Author(s): Alexandre Dumas
In 1844, Alexandre Dumas published The Three Musketeers, a novel so famous and still so popular today that it scarcely needs introduction. Shortly thereafter he wrote a sequel, Twenty Years After, that resumed the adventures of his swashbuckling heroes.
Later, toward the end of his career, Dumas wrote The Red Sphinx, another direct sequel to The Three Musketeers that begins, not twenty years later, but a mere twenty days afterward. The Red Sphinx picks up right where the The Three Musketeers left off, continuing the stories of Cardinal Richelieu, Queen Anne, and King Louis XIII--and introducing a charming new hero, the Comte de Moret, a real historical figure from the period. A young cavalier newly arrived in Paris, Moret is an illegitimate son of the former king, and thus half-brother to King Louis. The French Court seethes with intrigue as king, queen, and cardinal all vie for power, and young Moret soon finds himself up to his handsome neck in conspiracy, danger--and passionate romance!

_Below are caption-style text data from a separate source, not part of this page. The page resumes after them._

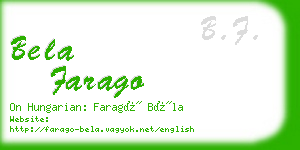 bela farago business card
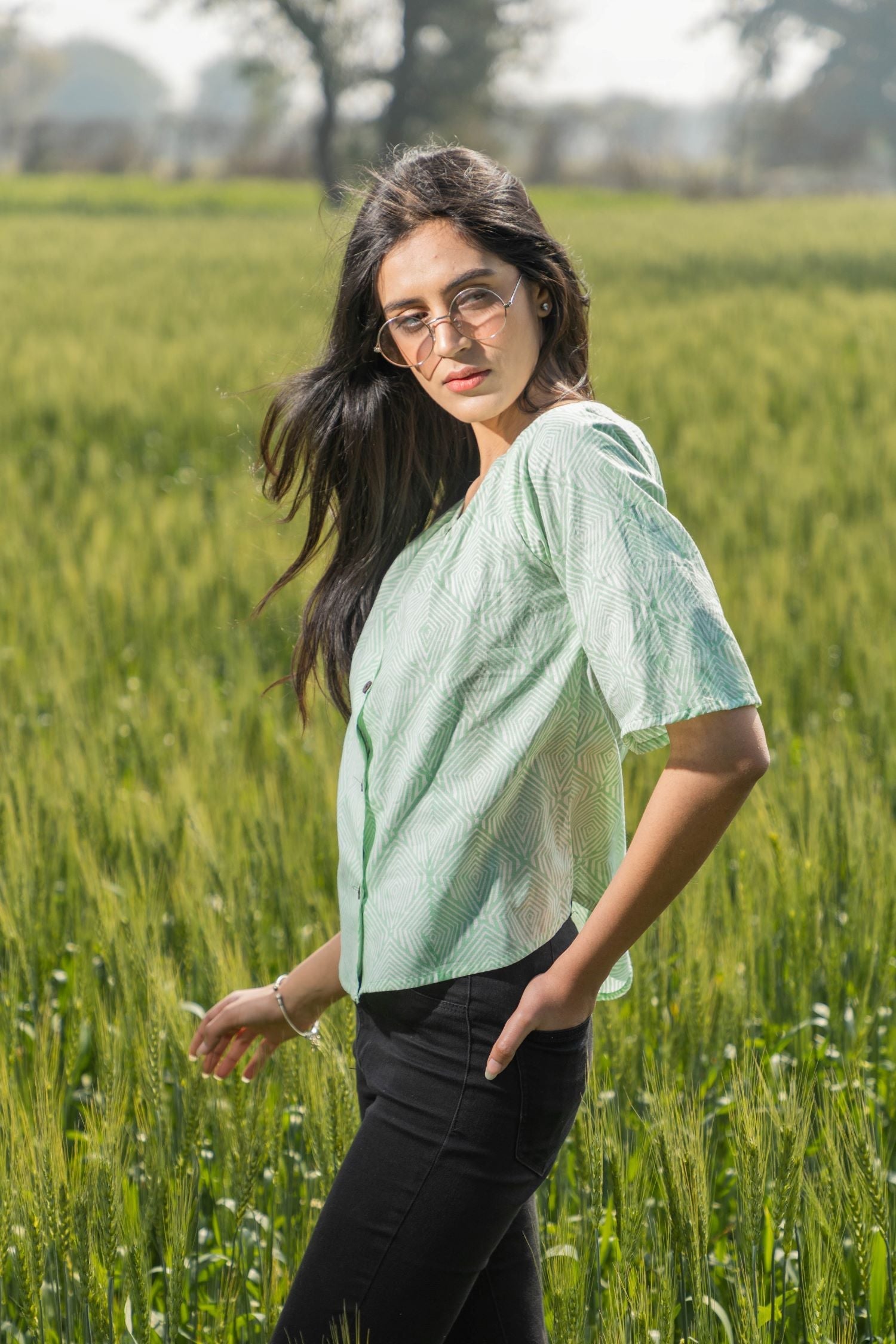 Sootisyahi 'Valley Breeze' Azofree Handblock Printed Pure Cotton Crop Top - SootiSyahi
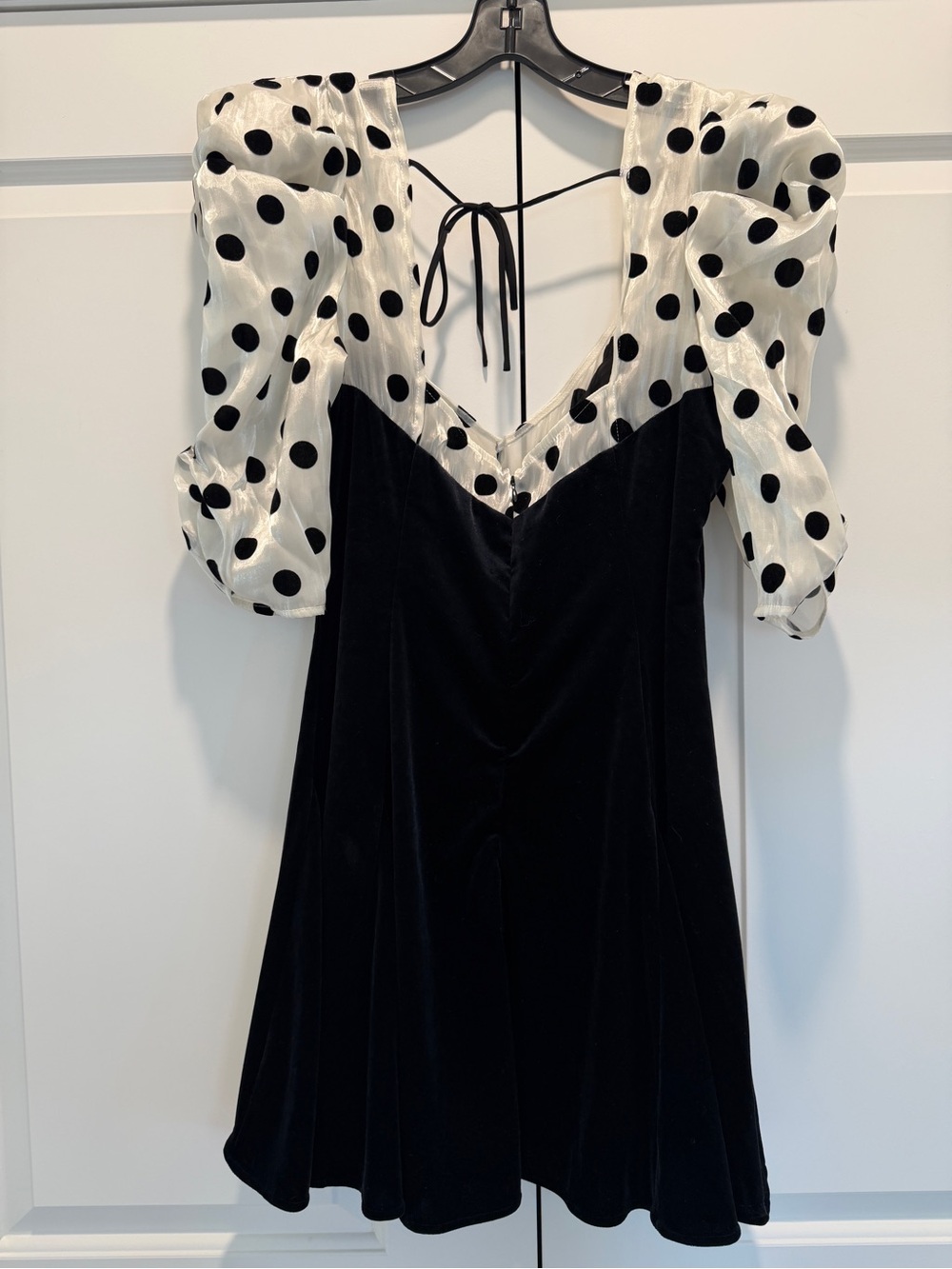BRAND NEW - For Love & Lemons Black Mini Dress with White Polka Dot Puff Sleeves - Picture 5 of 11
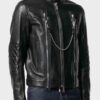  	Mens Black Cafe Racer Biker Soft Leather Jacket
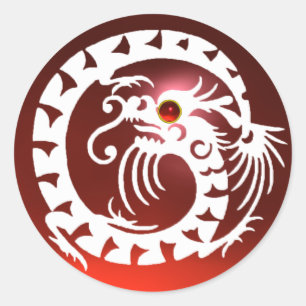 Sticker Rond DRAGON DE SNAKE, blanc, rubis rouge
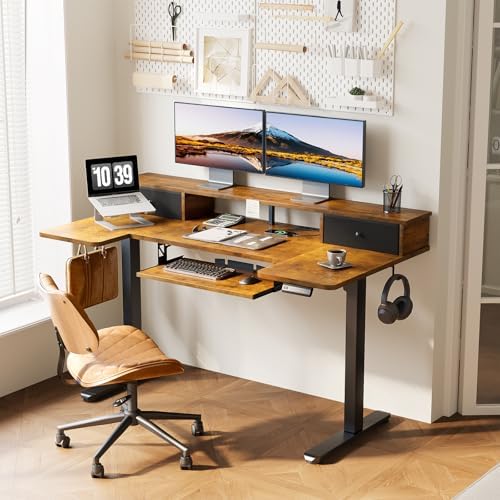 OffiGo 55 Inch U Shape Standing Desk, Keyboard Tray & Drawers, Rustic Brown - Image 2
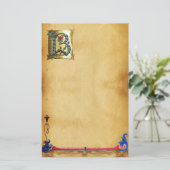 青い金ゴールドB文字と花モノグラム 便箋 (スタンド正面)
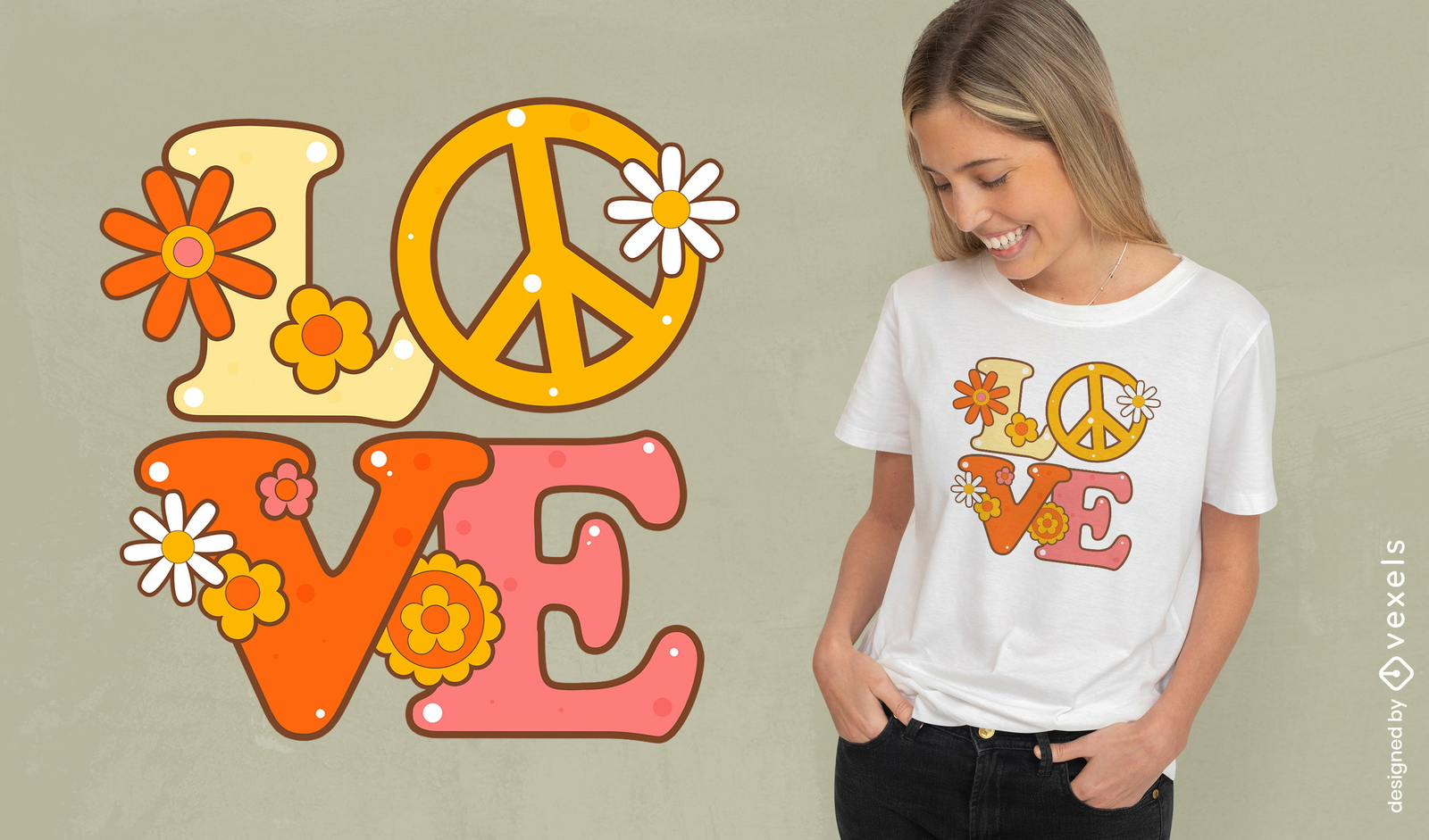 Design gráfico de camiseta com amor e paz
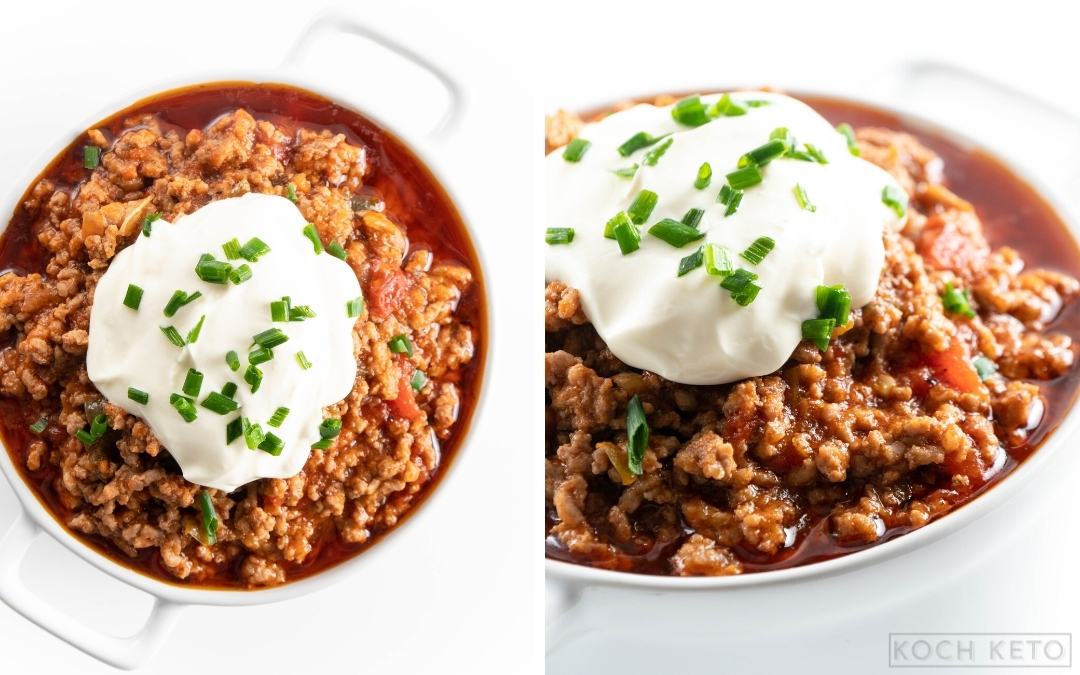 Amerikanisches Keto Chili con Carne ohne Bohnen und ohne mais Desktop Image Collage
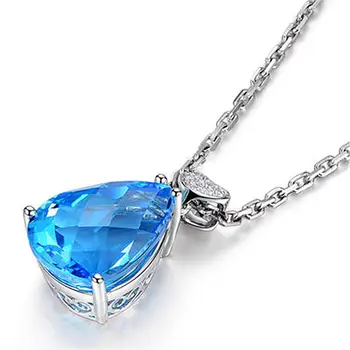 Meilė širdies mėlyna kristalų topazas cirkonis deimantų brangakmenių karoliai pakabukas moterų baltojo aukso, sidabro spalvų papuošalai bijoux dovanos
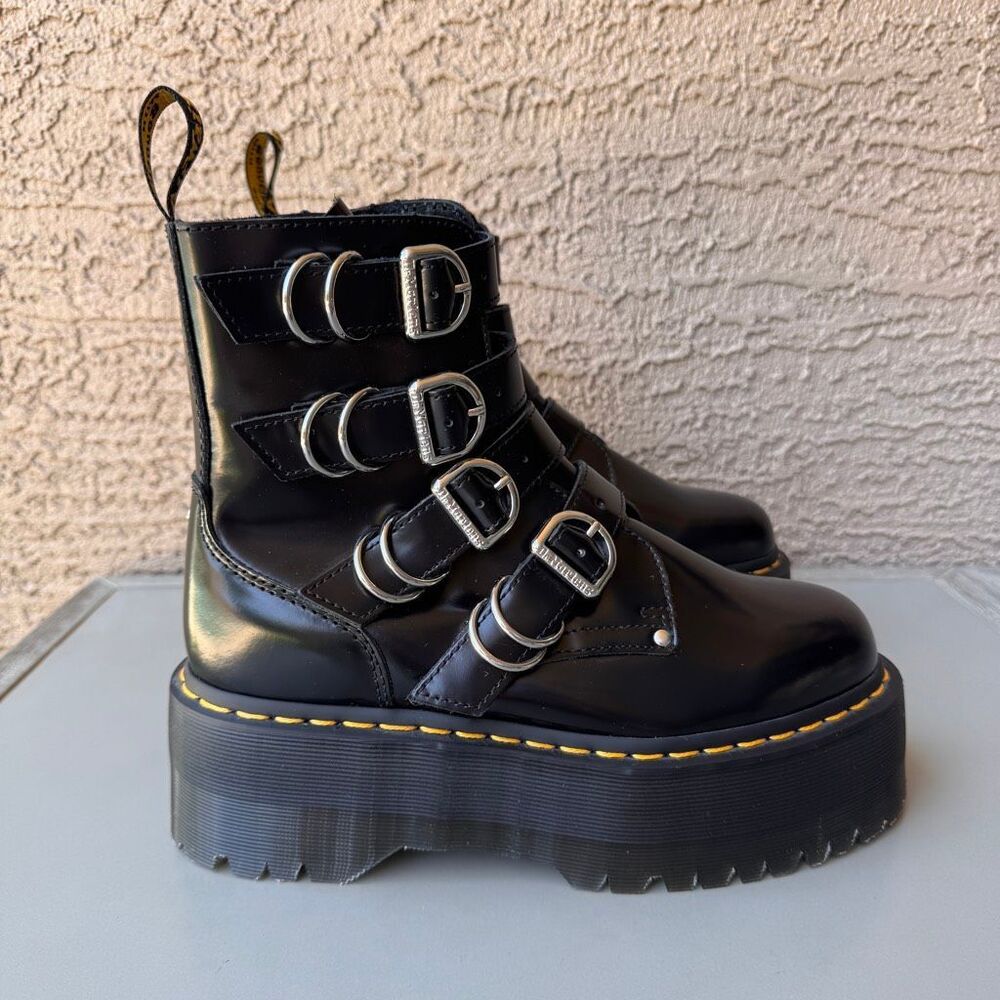 Dr. Martens Jadon Max Hardware HDW Platform Boots Womens 8 Straps Buckles Black - Picture 3 of 16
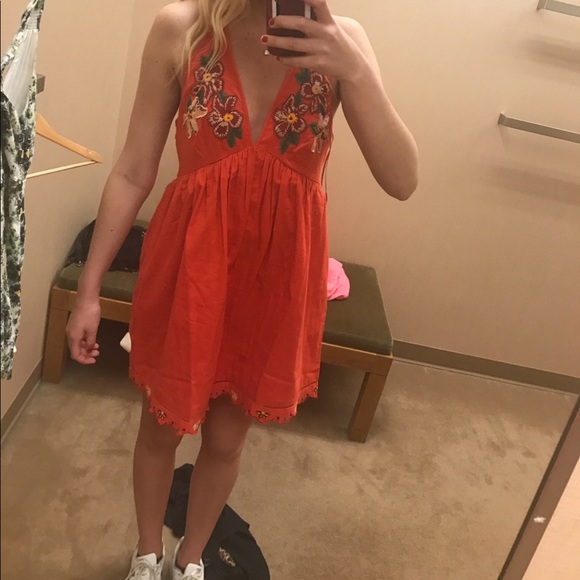 FREE PEOPLE Orange floral mini dress - Picture 2 of 2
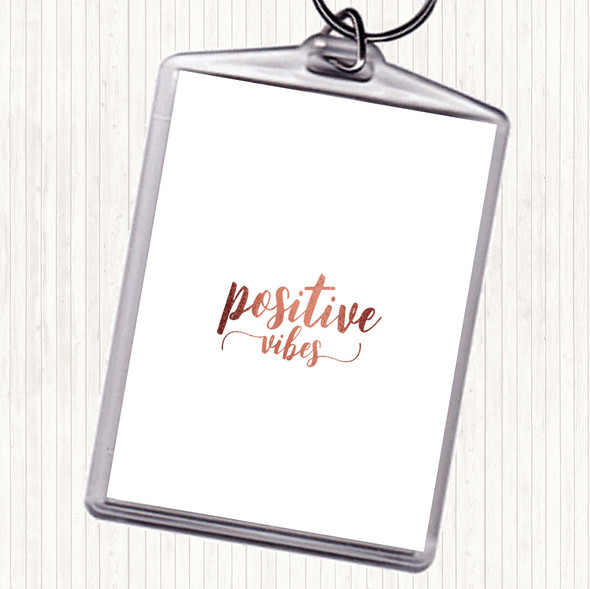 Rose Gold Positive Vibes Quote Bag Tag Keychain Keyring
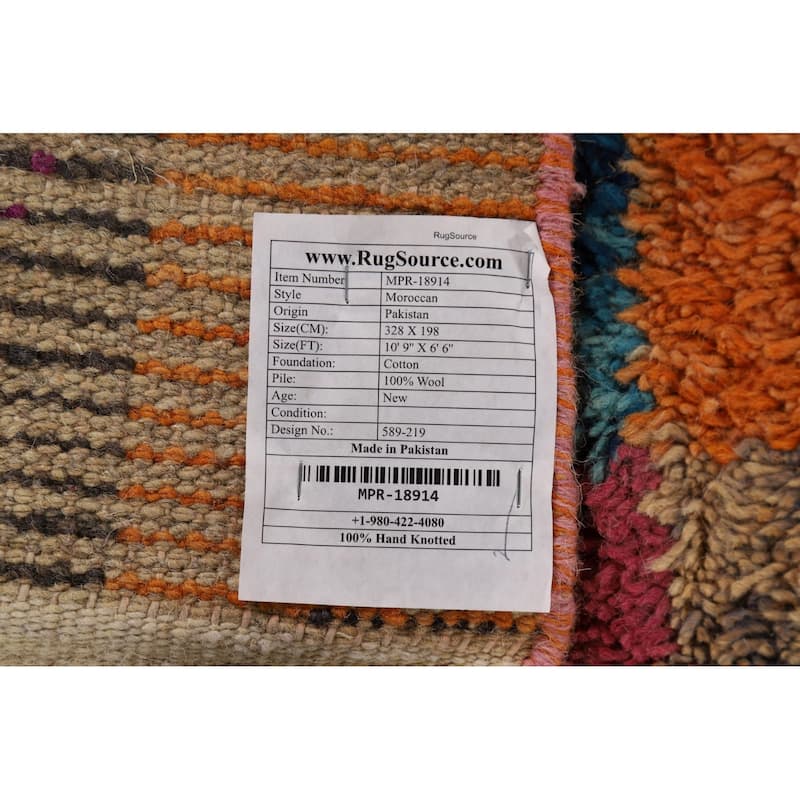 Checkered Plush Moroccan Oriental Area Rug Handmade Wool Carpet - 6'6" x 10'9"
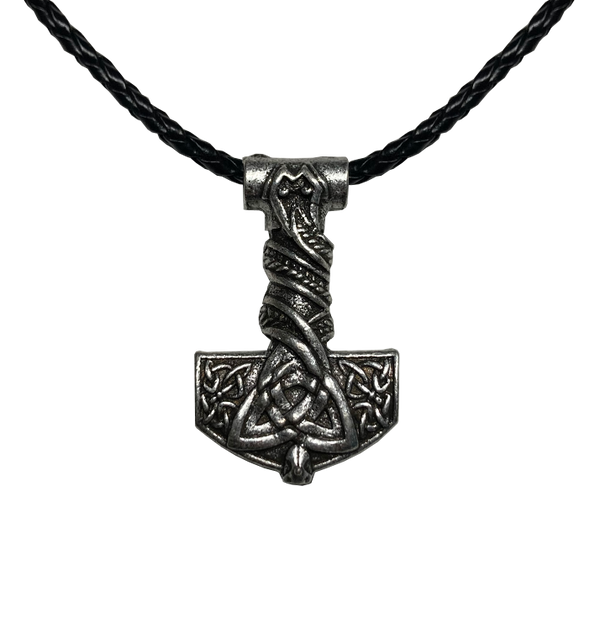 BAG OV BONES - 'Asgard, Midgard, Utgard' Metal Pendant With Leather Cord (Silver)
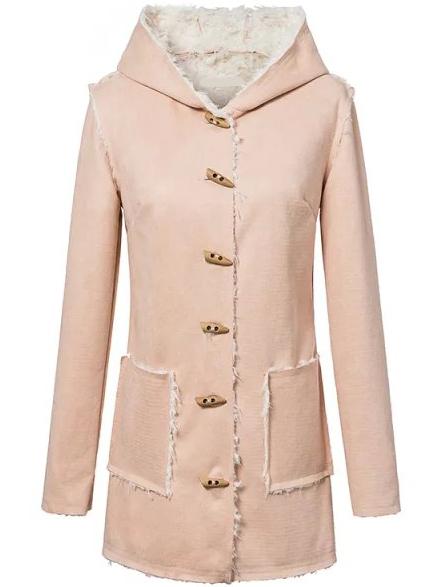Romwe Hooded Duffle Coat With Pockets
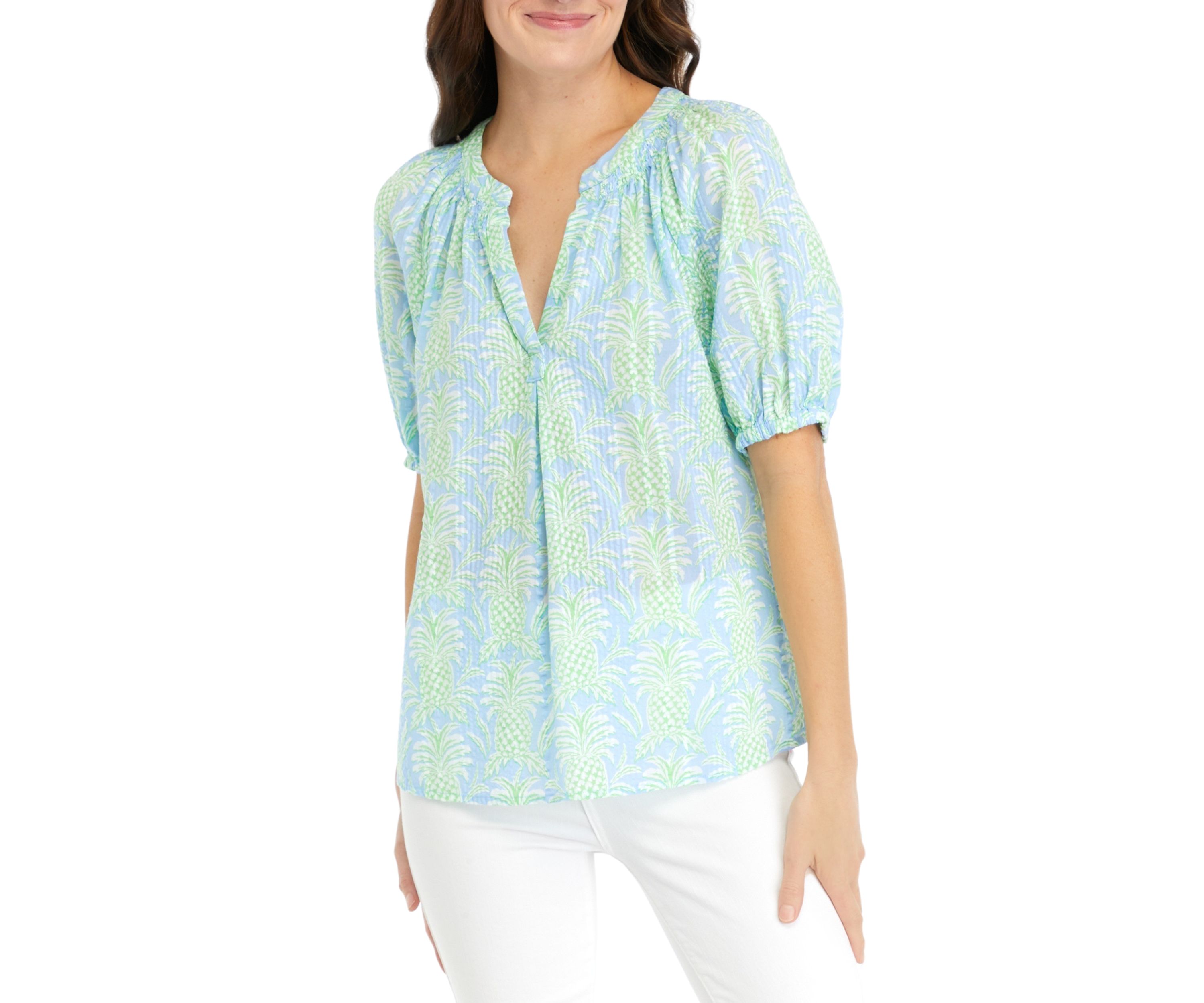 Womens Short Sleeve Printed Peasant Top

Dumas wrote seventy-five chapters of The Red Sphinx, all for serial publication, but he never quite finished it, and so the novel languished for almost a century before its first book publication in France in 1946. While Dumas never completed the book, he had earlier written a separate novella, The Dove, that recounted the final adventures of Moret and Cardinal Richelieu.
Now for the first time, in one cohesive narrative, The Red Sphinx and The Dove make a complete and satisfying storyline--a rip-roaring novel of historical adventure, heretofore unknown to English-language readers, by the great Alexandre Dumas, king of the swashbucklers.
One of the most famous French writers of the nineteenth century, Alexandre Dumas (1802-1870) first achieved success in the literary world a playwright, before turning his hand to writing novels. In two years from 1844 to 1855, he published two enormous books, The Count of Monte Cristo and The Three Musketeers. Both novels have sold millions of copies worldwide. Lawrence Ellsworth is the pen name of Lawrence Schick. He began his career as a writer at TSR Hobbies, where he was instrumental in the early popularity of the role-playing game "Dungeons & Dragons." His long career in games publishing includes the role of Executive Director of Interactive Entertainment at AOL in the late 1990s, and he continues to work as a lead writer in online role-playing games. An authority on historical adventure fiction, Ellsworth was the editor of the 2014 anthology The Big Book of Swashbuckling Adventure, and the translator of Alexandre Dumas's The Red Sphinx, a forgotten sequel to The Three Musketeers. He lives in northern Maryland.